Segment Start: Information shown
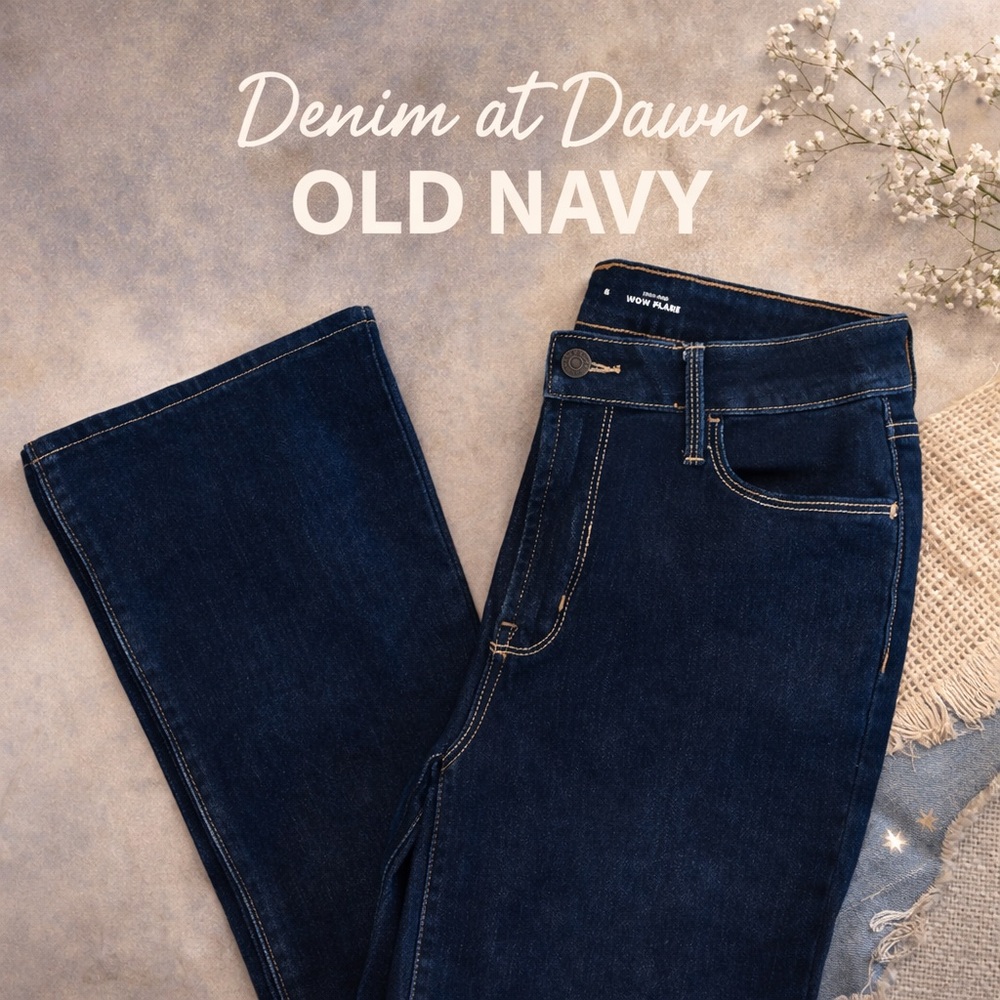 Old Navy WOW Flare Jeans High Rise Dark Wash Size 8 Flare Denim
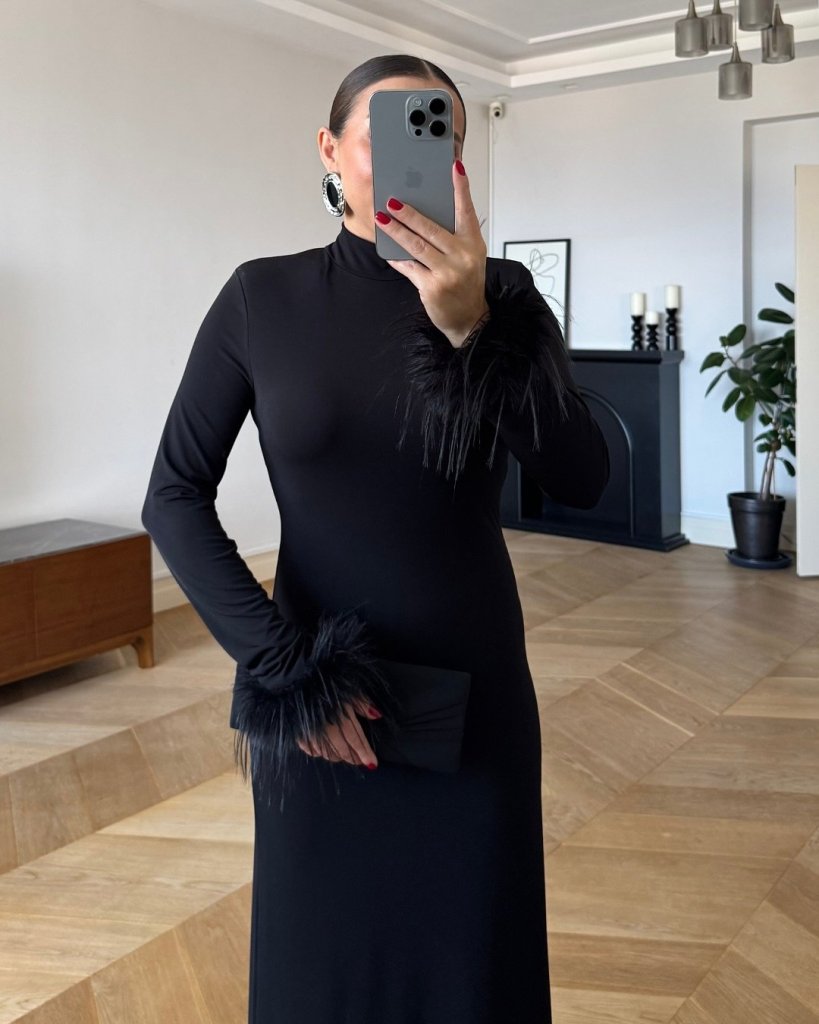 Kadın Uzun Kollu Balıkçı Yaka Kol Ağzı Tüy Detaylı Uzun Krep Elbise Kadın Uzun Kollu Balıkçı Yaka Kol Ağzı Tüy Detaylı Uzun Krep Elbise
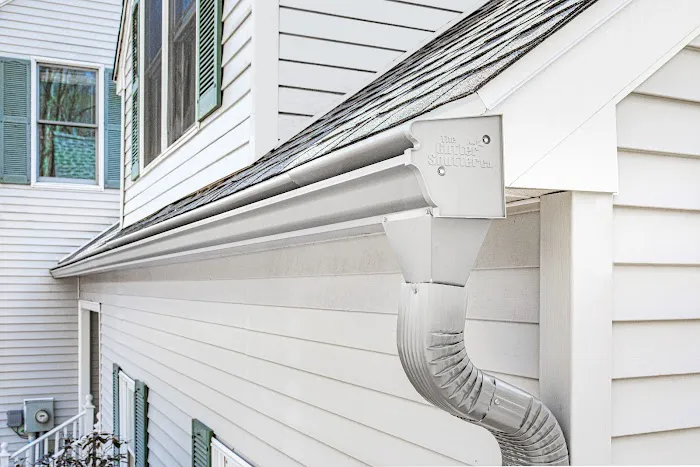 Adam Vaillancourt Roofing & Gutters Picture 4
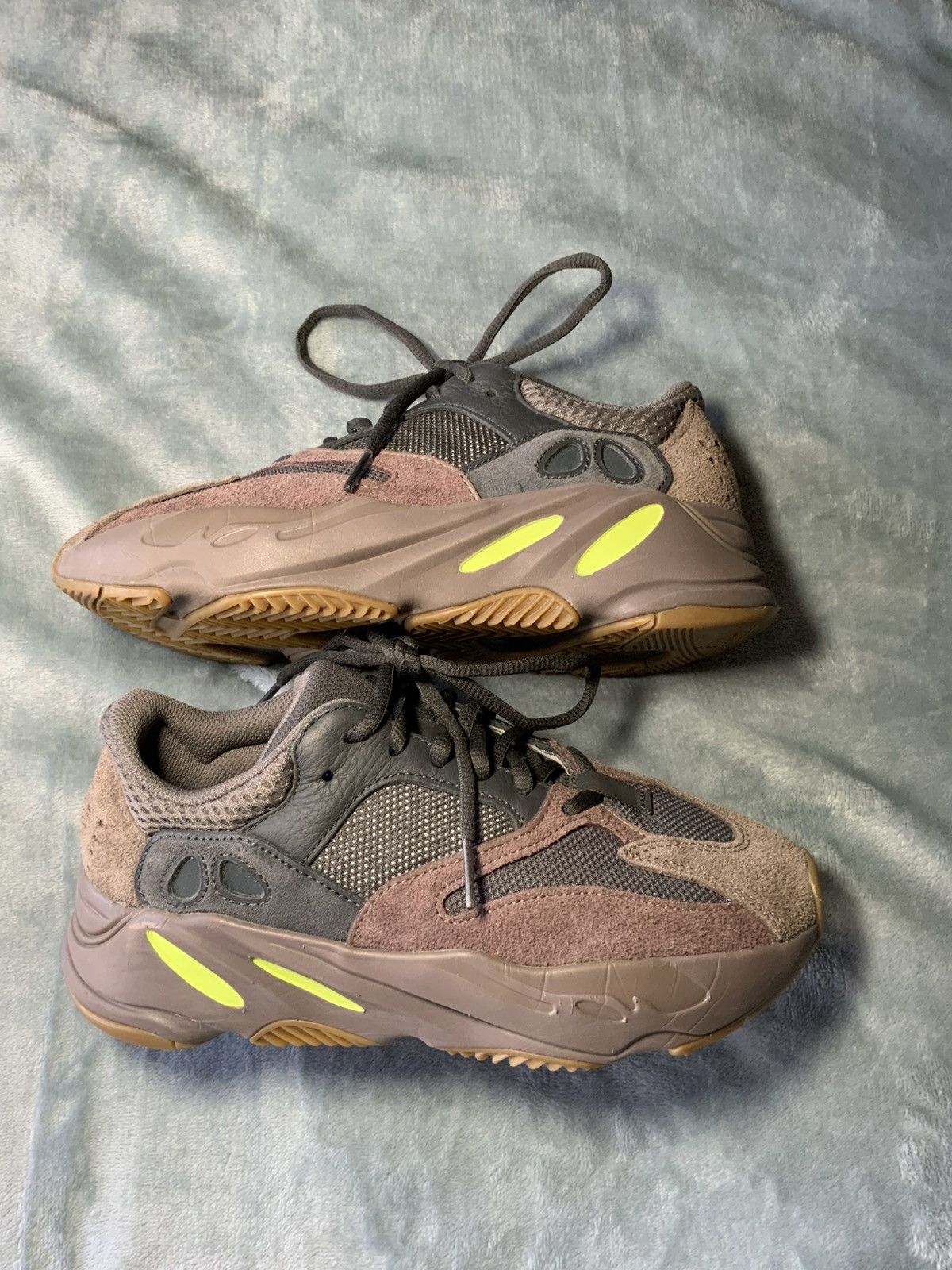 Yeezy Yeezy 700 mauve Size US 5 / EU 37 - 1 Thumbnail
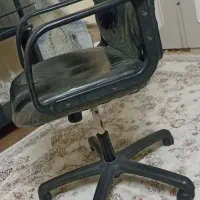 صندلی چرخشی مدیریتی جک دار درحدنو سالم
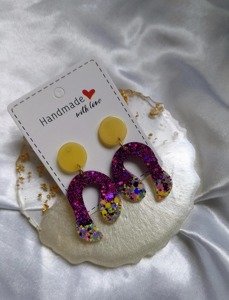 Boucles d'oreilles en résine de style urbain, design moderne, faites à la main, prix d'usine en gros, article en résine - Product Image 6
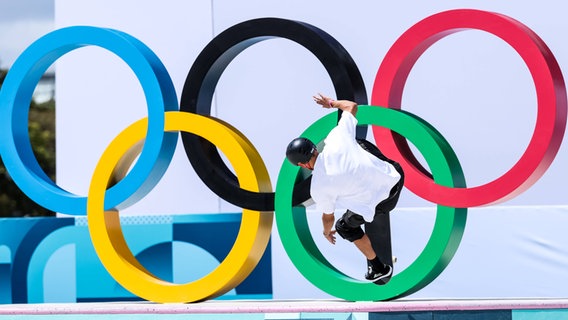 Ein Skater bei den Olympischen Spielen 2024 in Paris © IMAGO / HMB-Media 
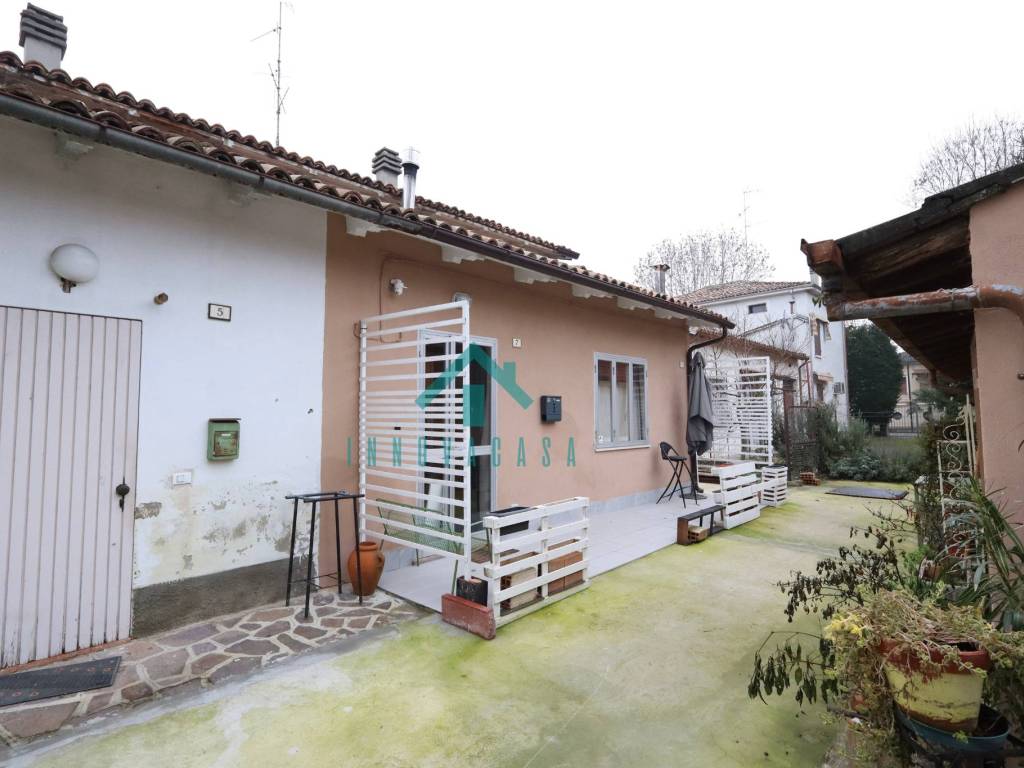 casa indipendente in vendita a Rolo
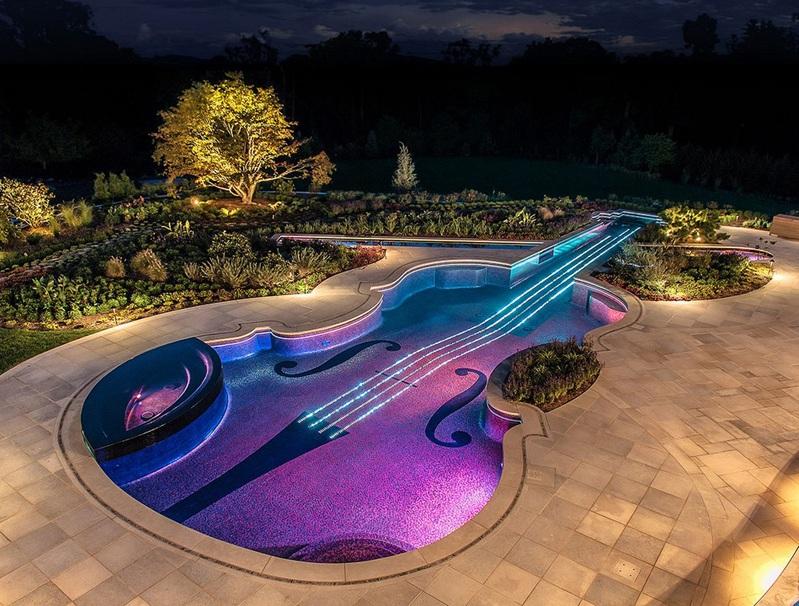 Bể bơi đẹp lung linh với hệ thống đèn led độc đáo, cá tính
Segment End: Information shown
> _Task details_: From the line containing "casa indipendente in vendita a Rolo" to the final line above, both included, transcribe every line exactly and leave all pictures out.

> _Task answer_:
 casa indipendente in vendita a Rolo
 Bể bơi đẹp lung linh với hệ thống đèn led độc đáo, cá tính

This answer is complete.